This injustice within our justice system is why Jonathan Rapping and his wife Ilham Askia founded the nonprofit Gideon’s Promise to train a growing army of pioneering public defenders who refuse to accept the status quo in the nation’s public defense system. Their movement is making tremendous gains:

• In April 2015, Essence magazine recognized the importance of the organization’s work when it reported on a case in which a 22-year-old Black male was accused of attempting to run down two Atlanta police officers. His Gideon’s Promise-trained public defender found evidence indicating he was neither present nor a participant in the crime.

• In 2014, Rapping was named a MacArthur Genius Fellow, because of Gideon’s Promise’s ground-breaking work to ensure all citizens accused of crimes receive high-quality representation, not just those able to afford high-dollar legal teams.

• And in 2013, Rapping and Gideon’s Promise were featured in the award-winning and Emmy-nominated HBO documentary, “Gideon’s Army,” which follows three young public defenders, trained by Gideon’s Promise, in their sometimes heart breaking quest for equal justice in indigent defense. The organization has now trained and supported more than 300 public defenders in 16 states, who collectively represent tens of thousands of people each year.

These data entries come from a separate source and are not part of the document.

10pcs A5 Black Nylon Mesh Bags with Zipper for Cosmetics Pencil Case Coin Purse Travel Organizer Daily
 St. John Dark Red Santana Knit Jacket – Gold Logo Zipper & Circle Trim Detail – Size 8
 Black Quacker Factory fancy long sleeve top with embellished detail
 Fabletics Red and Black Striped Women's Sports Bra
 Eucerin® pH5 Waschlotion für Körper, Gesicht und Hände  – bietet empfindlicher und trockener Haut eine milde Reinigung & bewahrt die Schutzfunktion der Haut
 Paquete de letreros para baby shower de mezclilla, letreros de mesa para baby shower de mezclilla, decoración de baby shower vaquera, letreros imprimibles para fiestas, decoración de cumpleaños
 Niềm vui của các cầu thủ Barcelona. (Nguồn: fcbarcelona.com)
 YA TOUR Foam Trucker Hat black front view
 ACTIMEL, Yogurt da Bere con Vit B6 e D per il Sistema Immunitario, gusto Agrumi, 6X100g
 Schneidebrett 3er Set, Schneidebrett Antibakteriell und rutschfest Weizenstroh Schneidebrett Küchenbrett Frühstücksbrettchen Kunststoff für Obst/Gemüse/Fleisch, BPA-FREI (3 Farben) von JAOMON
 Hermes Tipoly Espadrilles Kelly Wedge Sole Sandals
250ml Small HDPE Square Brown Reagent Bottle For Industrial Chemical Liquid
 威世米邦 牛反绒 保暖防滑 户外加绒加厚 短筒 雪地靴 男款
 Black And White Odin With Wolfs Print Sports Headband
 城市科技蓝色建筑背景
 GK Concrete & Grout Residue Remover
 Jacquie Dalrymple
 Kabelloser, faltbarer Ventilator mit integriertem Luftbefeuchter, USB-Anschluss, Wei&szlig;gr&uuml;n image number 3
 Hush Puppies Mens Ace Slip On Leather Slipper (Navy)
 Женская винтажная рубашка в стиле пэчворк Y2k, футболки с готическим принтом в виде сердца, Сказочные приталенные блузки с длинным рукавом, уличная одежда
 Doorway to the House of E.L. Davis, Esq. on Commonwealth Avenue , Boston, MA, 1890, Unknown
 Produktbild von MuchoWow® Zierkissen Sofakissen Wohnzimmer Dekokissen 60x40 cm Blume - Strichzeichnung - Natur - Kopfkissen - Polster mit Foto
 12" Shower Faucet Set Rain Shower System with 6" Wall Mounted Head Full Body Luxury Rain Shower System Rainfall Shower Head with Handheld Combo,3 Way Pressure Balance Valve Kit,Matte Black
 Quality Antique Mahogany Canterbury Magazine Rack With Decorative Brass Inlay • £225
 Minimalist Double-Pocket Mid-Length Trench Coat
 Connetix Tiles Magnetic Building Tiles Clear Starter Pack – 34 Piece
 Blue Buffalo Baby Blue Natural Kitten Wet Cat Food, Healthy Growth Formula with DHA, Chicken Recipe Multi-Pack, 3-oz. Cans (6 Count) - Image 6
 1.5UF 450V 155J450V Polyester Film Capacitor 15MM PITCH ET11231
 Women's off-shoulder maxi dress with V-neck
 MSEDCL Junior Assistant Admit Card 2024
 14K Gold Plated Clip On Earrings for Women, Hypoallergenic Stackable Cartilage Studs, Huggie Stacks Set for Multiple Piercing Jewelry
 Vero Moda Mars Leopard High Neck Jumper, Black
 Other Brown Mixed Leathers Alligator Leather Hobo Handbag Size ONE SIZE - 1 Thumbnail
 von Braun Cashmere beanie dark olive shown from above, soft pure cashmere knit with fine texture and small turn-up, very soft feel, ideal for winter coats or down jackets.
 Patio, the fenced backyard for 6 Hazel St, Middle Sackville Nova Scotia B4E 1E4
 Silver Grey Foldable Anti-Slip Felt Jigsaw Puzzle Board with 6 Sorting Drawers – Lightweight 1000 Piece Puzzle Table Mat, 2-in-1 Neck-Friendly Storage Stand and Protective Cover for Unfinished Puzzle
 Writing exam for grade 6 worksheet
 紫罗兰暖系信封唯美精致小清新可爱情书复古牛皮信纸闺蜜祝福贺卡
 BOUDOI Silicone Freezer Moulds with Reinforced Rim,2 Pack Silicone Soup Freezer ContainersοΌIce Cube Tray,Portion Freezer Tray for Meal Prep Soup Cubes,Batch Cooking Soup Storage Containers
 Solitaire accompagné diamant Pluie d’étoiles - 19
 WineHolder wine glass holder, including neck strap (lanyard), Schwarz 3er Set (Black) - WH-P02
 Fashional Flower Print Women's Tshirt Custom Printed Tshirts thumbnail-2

“Public defenders are fighting in court to give many a second chance at life,” says Askia, Gideon’s Promise’s executive director. “The training we provide to lawyers across the country is an essential part in our ability to secure the often elusive but guaranteed justice demanded by our Constitution for our most vulnerable citizens.”

More than 24 innocent citizens have been exonerated recently from guilty verdicts and unnecessary jail time – 13 of which would have spent 10 years to life in prison had their defense attorneys not provided them with proper representation that reported and investigated these crimes responsibly in court.

“Nearly 80 percent of the 12 million people who move annually through America’s criminal justice system cannot afford a lawyer,” says Rapping. “As a result, many innocent people plead guilty simply because they cannot afford to take their case to trial. The public defender system is so overwhelmed by crushing volume, that adequate and meaningful defense often fails them as well.”